The rationale behind this method is to fit and remove the baseline, but not the peaks present in the timeseries, thereby preserving the relevant information.
This repository proposes a Matlab implementation of asPLS based in the original paper by Zhang et al. [1]
Download aspls.m, and place it in the folder where you intend to run it. To perform baseline correction, call the aspls
function.
If X is you data, running [detrended_signal, baseline] = aspls(X);
returns the input series without baseline (detrended_signal) and the identified baseline trend(baseline). This however might not always produce optimal results, since it uses the default value for the most important parameter for the analysis: lambda
.
lambda
controls the smoothness of the fit, the higher it is, the straighter the estimated baseline is going to be. If lambda
is choosen to low, the estimated baseline might start to fit the peaks in the timeseries, which is usually undesirable. The fitted baseline is not extremely sensitive to small changes in the value of lambda
, it is therefore common practice to vary lambda
as power of 10, i.e. lambda = 10e5, 10e6 or 10e7...
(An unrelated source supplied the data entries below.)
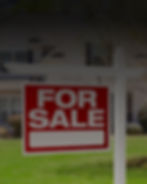 Photograph of a home for sale sign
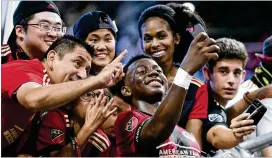  ?? JOHN AMIS ?? Atlanta United defender George Bello takes a selfie with fans after a 2-1 Atlanta victory against the New England Revolution in October.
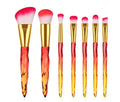 Set of 10 clear crystal foundation brushes with coloured handles.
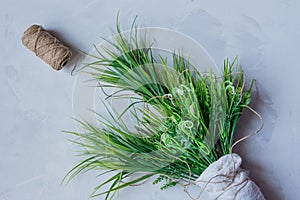 Artificial green grass with brown thread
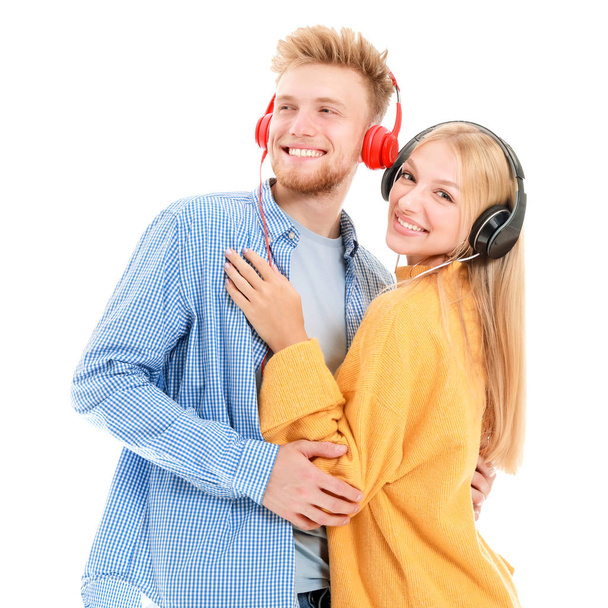 Young couple listening to music on white background - Φωτογραφία, εικόνα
. Other parameters of the aspls have less influence on the final estimated baseline, so we refer the reader to the original paper [1] for more details.
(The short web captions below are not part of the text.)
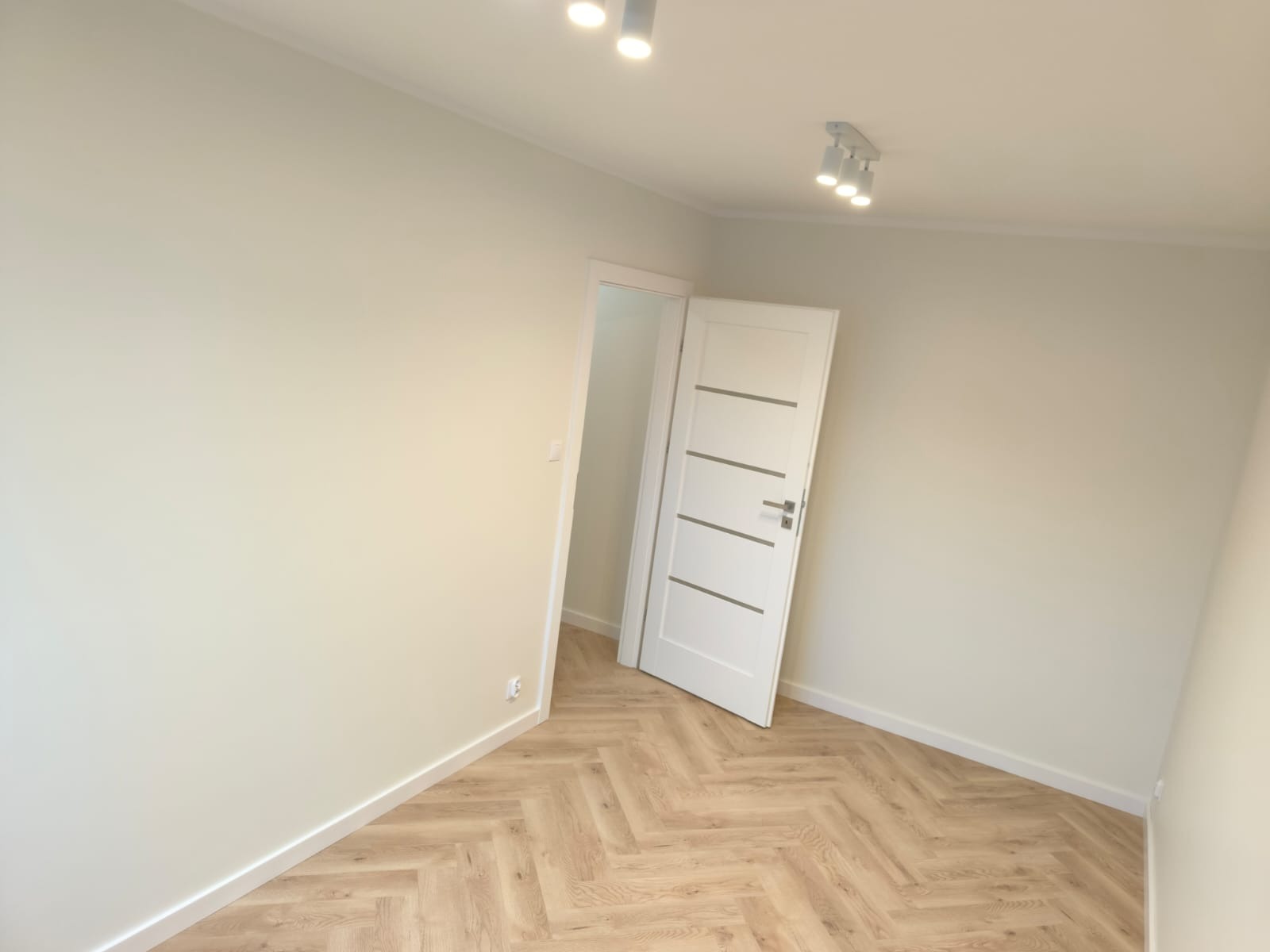 Pusty pokój z jasnymi ścianami, parkietem ułożonym w jodełkę i białą, częściowo otwartą, nowoczesną stolarką drzwiową z poziomymi, szarymi wstawkami, oświetlenie sufitowe punktowe.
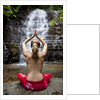 Woman meditating in front of a waterfall by Anonymous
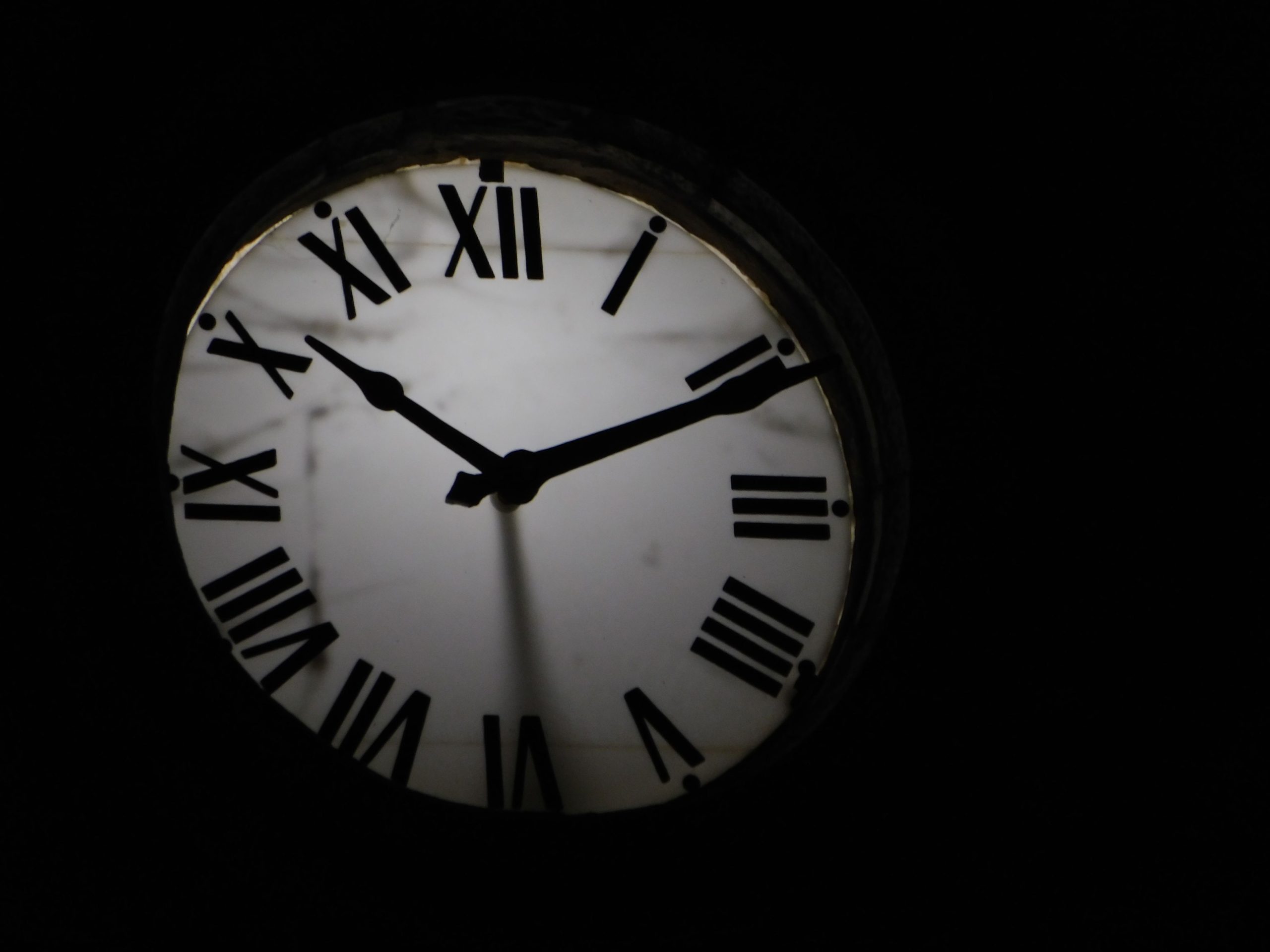Horloge mécanique ronde avec aiguilles noires sur fond obscur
Here are all the parameters of aspls
:
Inputs:
- X : array, The y-values of the measured data, with t data points.
Must not contain missing data (NaN) or Inf.
- lambda : float, The smoothing parameter. Larger values will create smoother baselines.
Default is 1e5.
- order : int, The order of the differential matrix. Must be greater than 0. Default is 2
(second order differential matrix). Typical values are 2 or 1.
- k : int, coefficient of hardness for the decay of the weights as
a function of distance to baseline. A higher k means a harder
decay which will push the baseline towards lower value of the
input data. 0.5 is empirically recommended (Default).
- itermax : int, The max number of fit iterations. Default is 20.
- epsilon : float, The exit criteria. Default is 1e-4.
Returns
- detrended_signal : array, The input signal - the calculated baseline.
- baseline : array, The calculated baseline.
[1] Zhang, F., Tang, X., Tong, A., Wang, B., Wang, J., Lv, Y., ... & Wang, J. (2020). Baseline correction for infrared spectra using adaptive smoothness parameter penalized least squares method. Spectroscopy Letters, 53(3), 222-233.